What options have you come up with so far?

Up to now we increased the backup interval.

Post by Christopher Barry
What do you think you'll end up doing to solve this problem?

I am unsure. At the moment I see theses solutions:

- Wrapping the filesystem with an overlay-filesystem which logs all changed files. Use this as include-list for
rsnapshot

- Moving the data to a storage and mount it with a tool like s3fs.

- Use a filesystem which can output all changed files.

Regards,
Thomas Güttler

--
Thomas Guettler http://www.thomas-guettler.de/

------------------------------------------------------------------------------

Oliver Peter

2016-08-02 19:47:33 UTC

Post by Christopher Barry
...
What do you think you'll end up doing to solve this problem?
- Wrapping the filesystem with an overlay-filesystem which logs all changed files.
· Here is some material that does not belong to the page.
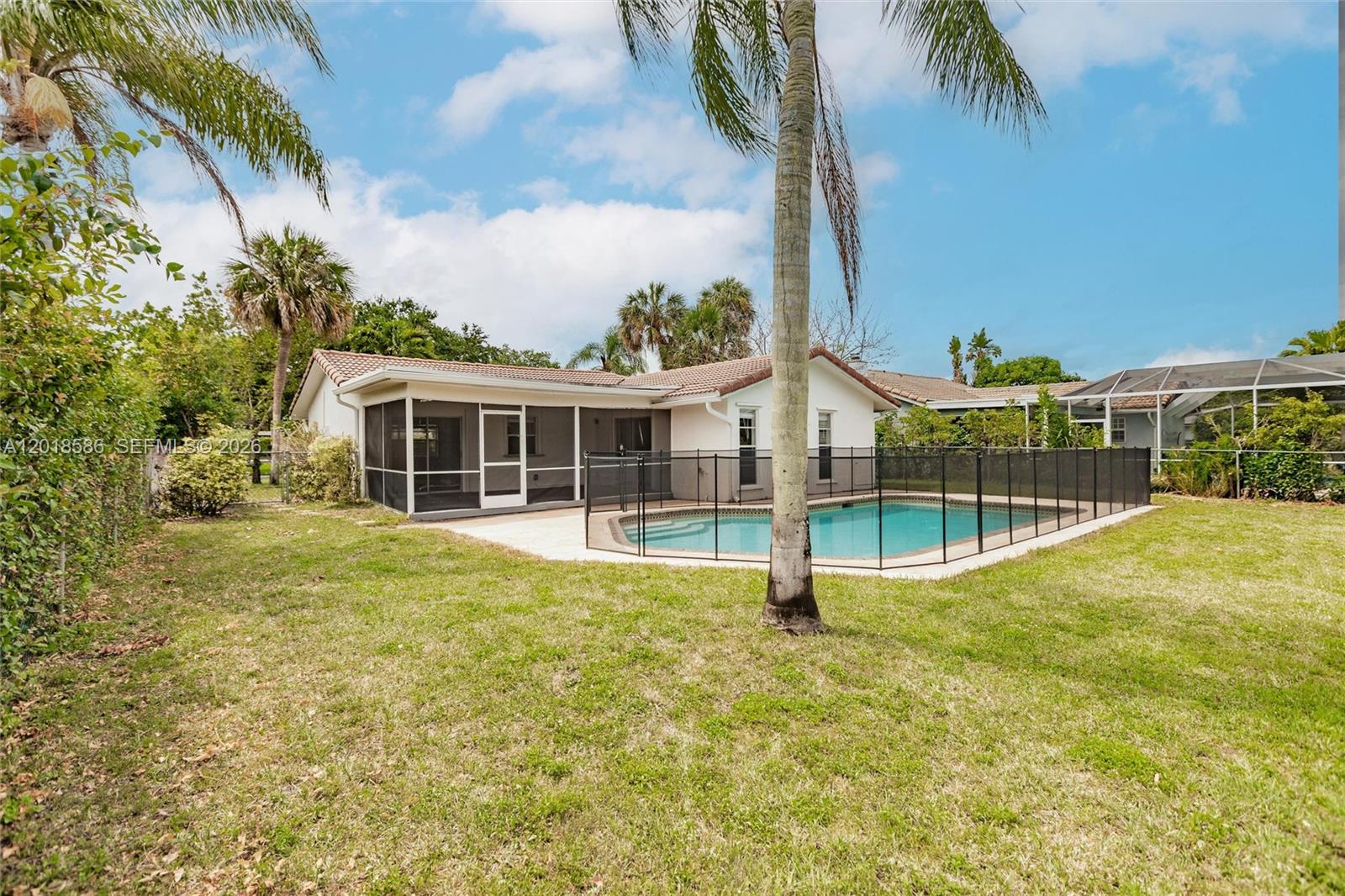 RAMBLEWOOD SOUTH - Residential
Use this as include-list for
rsnapshot

Or use ZFS, do filesystem based snapshots and transfer the incrementel
changes to a remote site (zfs send | zfs receive).

Post by Christopher Barry
- Moving the data to a storage and mount it with a tool like s3fs.

Or use ZFS and enjoy other benefits like transparent compression and
checksumming.

Post by Christopher Barry
- Use a filesystem which can output all changed files.

Or use ZFS and...

I might sound like a sales drone and/or a one trick pony but all of the
stuff you said sound over engineered and bury much potential to fail
sooner or later.
ZFS is the most pragmatic and easy to go solution I can think of.

--
Oliver PETER ***@gfuzz.de 0x456D688F

------------------------------------------------------------------------------

Thomas Güttler

2016-08-03 07:49:50 UTC

Or use ZFS, do filesystem based snapshots and transfer the incrementel
changes to a remote site (zfs send | zfs receive).

What do you mean with "incrementel changes" in above line?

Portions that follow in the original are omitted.